Анна Львовна, предупредив меня о том, что сегодня обещали шторм, ушла на работу, Мальчик потрусил за ней, а я побежала к мокрым ступеням пирса, возле опор которого уже копошились местные мальчишки – собиратели мидий.

Я бежала по пирсу, разбрызгивая мелкие лужицы воды и радуясь ощущению необычной легкости и упругости тела, наслаждаясь теплым ветерком. Добежав до самого конца пирса, туда, где вечерами швартуются рыбацкие шхуны, я прыгнула в воду и, поплыла еще дальше, дальше - на глубину.
 Туда, где под толщей прозрачной воды, жили огромные подводные города.
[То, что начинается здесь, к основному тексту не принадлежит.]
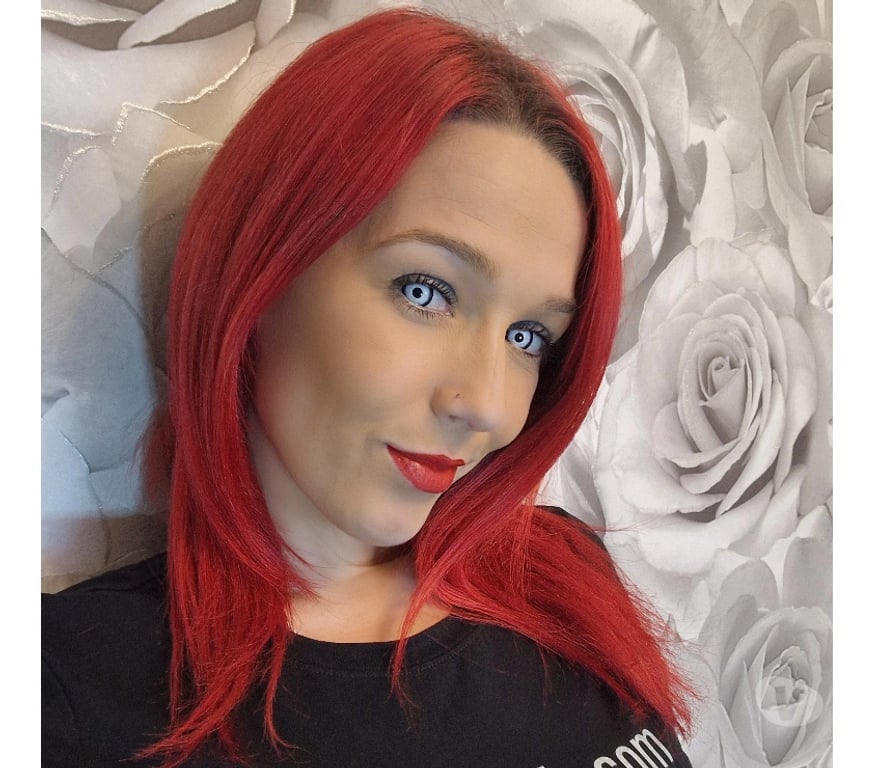 Adult Entertainment South Yorkshire Sheffield - Photos for 💚calls, content, texting💚07727334315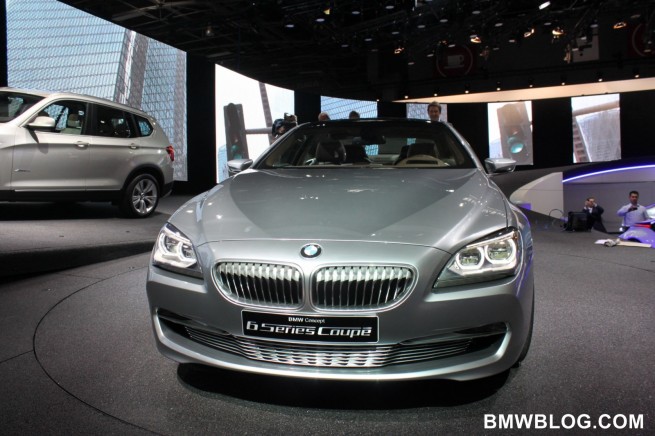 6er-coupe-concept-6
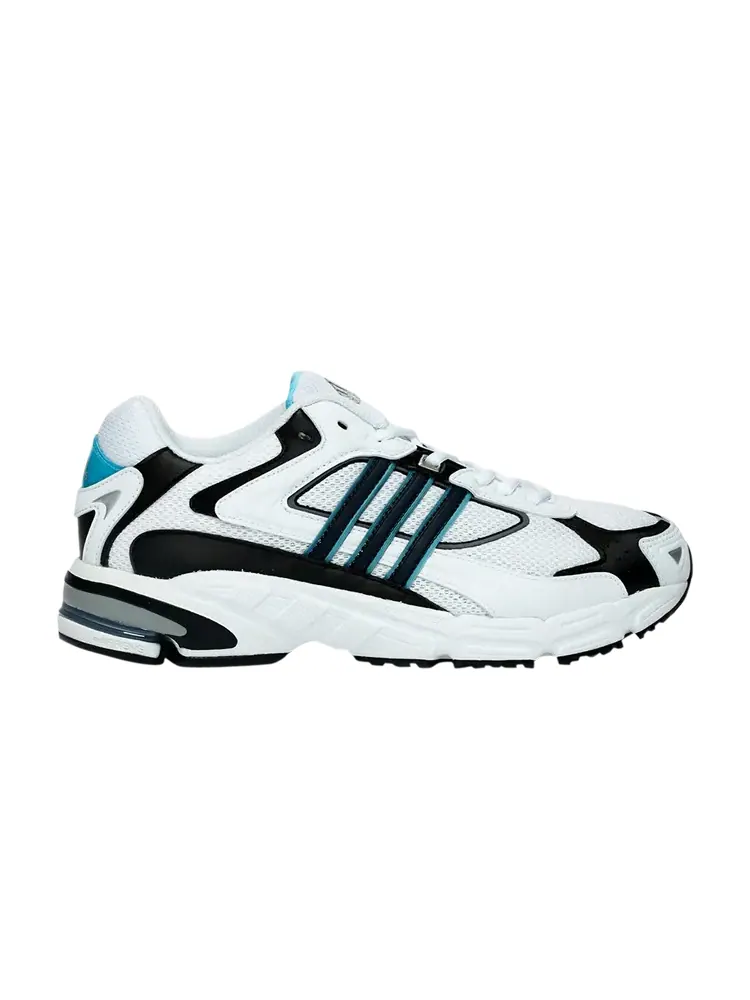 Кроссовки Adidas Consortium Response CL — изображение 1 из 1, белый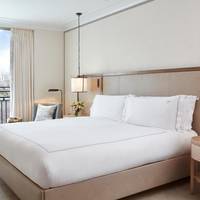Berkeley Room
Это было для меня самым увлекательным занятием еще в то время, когда я, девочкой, первый раз отдыхала на море. Я уплывала на глубину, переворачивалась лицом вниз, и, раскинув руки и ноги, замирала.
Широко открыв глаза, как зачарованная, всматривалась я в таинственную глубину моря. Морское дно странно напоминало мне вид из иллюминатора самолета. Там внизу, в глубине колыхались деревья-водоросли, возвышались камни–горы, песок и раковины превращались в крепостные стены и дома. И, над всем этим таинственным великолепием, колыхались парашютики медуз, раскрашенные солнечными лучами в яркие цвета.
 
И вот я опять смотрю в эту бездну - завораживающую, темную, живую, а бездна, как и обещано, «смотрит в меня». Красиво и жутко!
Устав от темноты глубин, я переворачиваюсь на спину и "улетаю" взглядом в бело-голубую бесконечность неба. Я лежу на тонкой границе двух бесконечностей - песчинка в мироздания.

 Ощущение малости своей и ничтожности незаметно перешло в ощущение тревоги и страха. И тут, как дополнение к этим чувствам, которые зачем-то я позволила «развить» своему воображению, острая боль скрутила, завязала в узел икру правой ноги, я вскрикнула, нахлебавшись соленой морской воды.Все случилось так внезапно, что я сразу начала тонуть. Спохватившись,забултыхала, забила руками, легла опять на спину - так легче держать равновесие. Осторожно посмотрела назад – до пирса метров тридцать, сущая ерунда, конечно, если ты можешь плыть, и огромное расстояние, когда каждое движение отдается болью в ноге. Я лежала на спине, пытаясь расслабиться, как советуют инструкторы по плаванью, пробовала потянуть ступню на себя. И снова задыхалась от боли! Я замирала, и затихала боль, я пробовала плыть, и боль снова скручивала мышцу.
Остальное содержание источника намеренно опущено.